Judge Scheindlin’s stubborn insistence on making the tax issues part and parcel of the securities relief accomplishes nothing other than creating potential future headaches and possible injustices. As we previously wrote, what is the purpose of pre-judging the tax issues in the context of a securities enforcement action, knowing that the IRS is addressing them? The IRS is not obligated to, and may not, accept her ruling. Indeed, Judge Scheindlin acknowledges that the IRS is not bound by her view about how the disgorgement should be treated by tax authorities (“the IRS may take notice of this Court’s conclusion that there should be an offset for amounts paid to the SEC, even though the IRS is not a party here. Should the IRS disregard that language, the Wylys may return to this Court and move to vacate the final judgment….” Slip op. at 6-7.). That’s a future time bomb.
The prospect of disagreement goes both ways: she is not prepared to defer to a possible IRS decision that her analysis was wrong and taxes were not unlawfully avoided. She only allows the Wylys to “pursue all available remedies should another court determine that the IOM Trusts are tax-exempt.” Id. at 7 (emphasis added). In other words, if a tax court rules the taxes were not owed, the Wylys may (or may not) get their money back by seeking relief from Judge Scheindlin’s judgment, but they are not permitted to ask for that relief if the IRS decides no taxes were owed, and the issue never gets to court. The latter result seems blatantly unfair. It is inconsistent with the concept of “disgorgement” because it mandates that they “return” proceeds that were not unlawfully obtained. It could also be an improper judicial refusal to defer to an agency judgment in its own area of expertise. All of this nonsense could be avoided if the court did not take up live tax disputes as part of a securities enforcement proceeding.

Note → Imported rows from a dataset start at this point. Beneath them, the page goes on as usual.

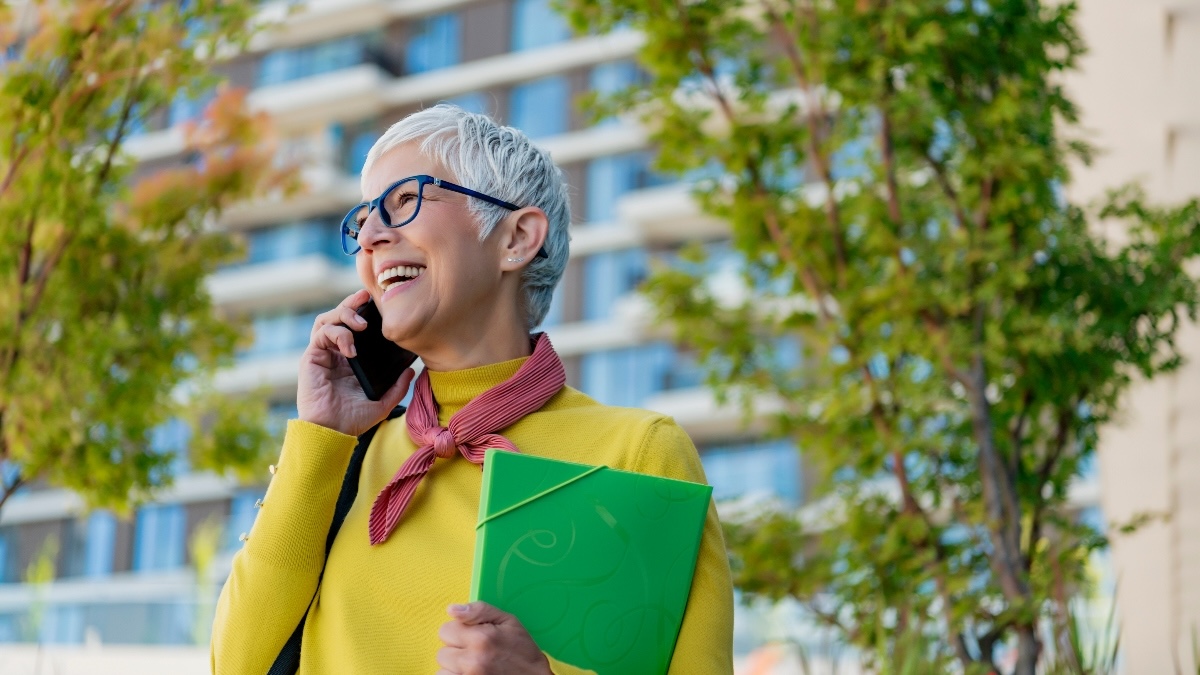 woman in retirement joyfully talks on the phone as she finds a part-time job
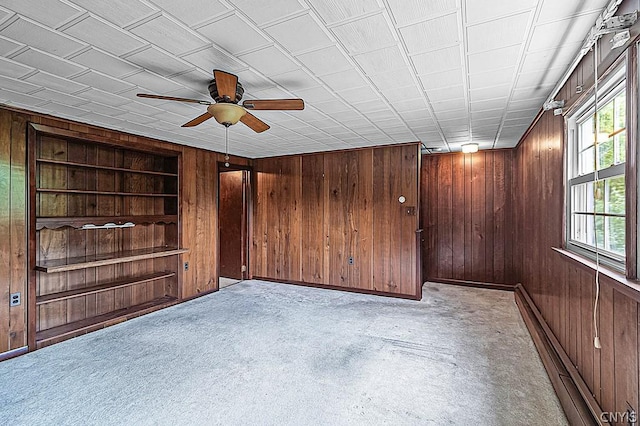 empty room featuring built in shelves, wooden walls, and ceiling fan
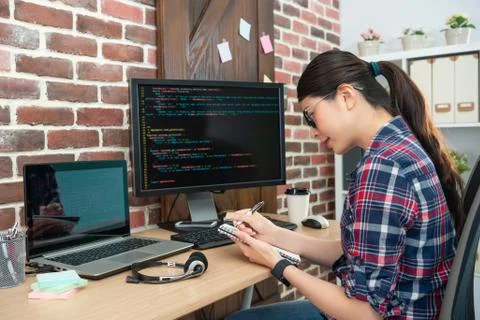 Female programmer working and writting 스톡 사진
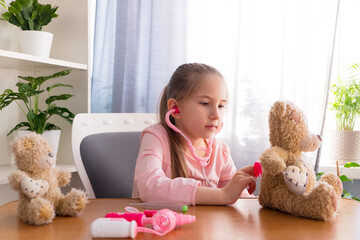 A preschool girl, dressed in a pink T-shirt, plays at home in the hospital with toys, listens to a teddy toy through a phonendoscope.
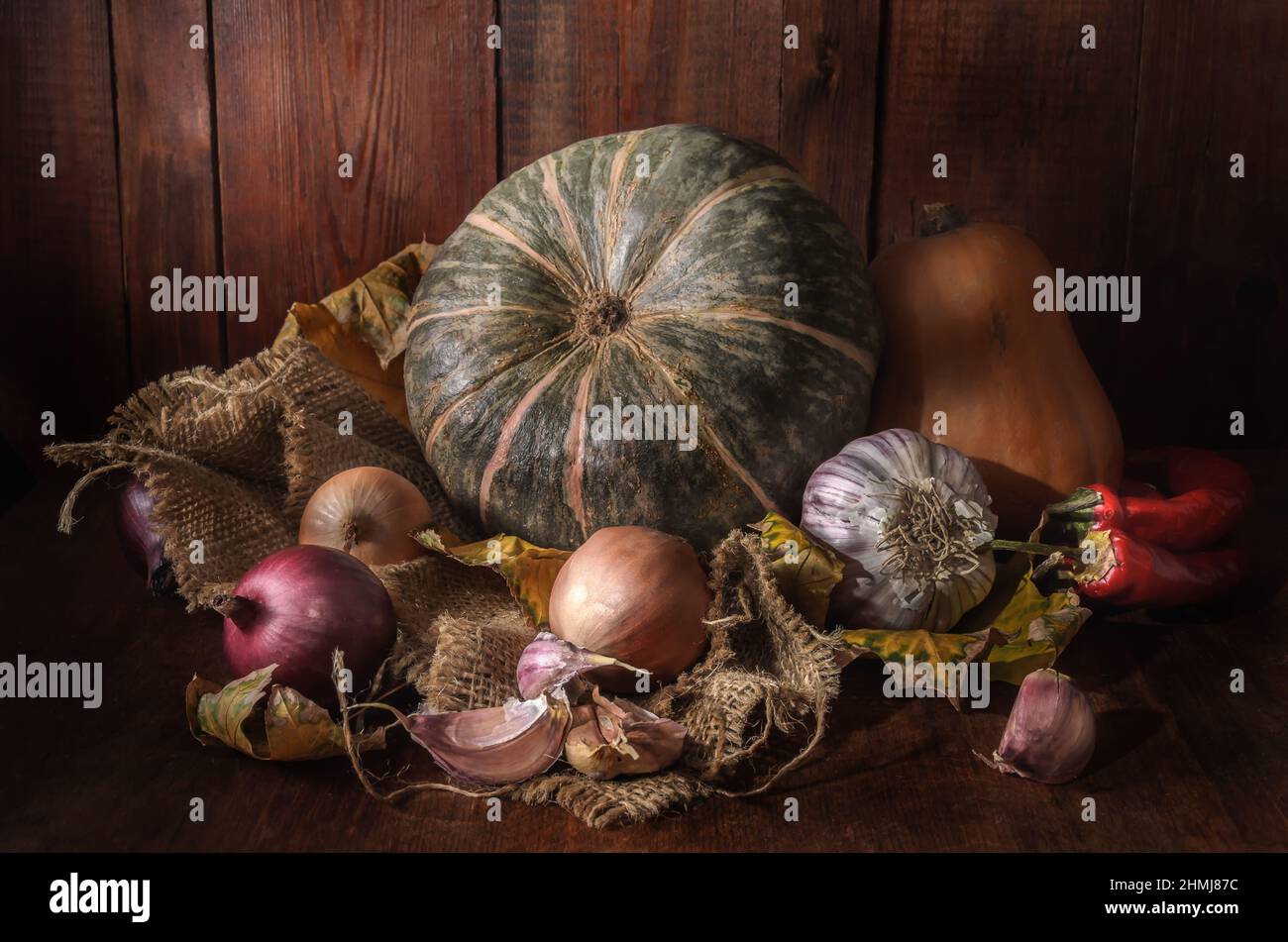 Pumpkin and other vegetables on dark wooden background Stock Photo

What we wrote in our earlier post still seems correct:
[W]hichever way the tax process goes, it is wrong for the judge to jump the gun and order a tax-based disgorgement before the IRS acts. If the IRS agrees with the judge, the tax will be paid, and no disgorgement is appropriate because there will be no undue tax benefits remaining. If the IRS or a tax court disagree with the judge, no tax will have been unlawfully avoided, and there is no benefit to disgorge. Either way, Judge Scheindlin should limit a disgorgement order to unlawful proceeds derived from the securities violations found, not supposed tax avoidance based on underlying transactions that did not themselves violate the law (only the nondisclosure of stock ownership violated the law).
(One of the pleasures of blogging is that you get to quote yourself with impunity.) 🙂
As we discussed earlier this week (see Let’s Get Real: When SEC “Disgorgement” Remedy Is Used as Punishment It Should Be Treated that Way), the legal standards governing the disgorgement remedy badly need serious thought and judicial leadership. The SEC will try to “shoot the moon” in almost every case, and courts need to exercise reasoned discretion over how far they are prepared to go with this “equitable remedy” which more and more often is used to try to get defendants to pay far more than a realistic and well-conceived return of their own “ill-gotten gains.” That is all that “disgorgement” should be. To her credit, Judge Scheindlin resisted the SEC’s “shoot the moon” efforts a couple of times in the Wyly case. But she lost her bearings on the tax-based disgorgement theory, leaving more than a little bit of a mess in the end.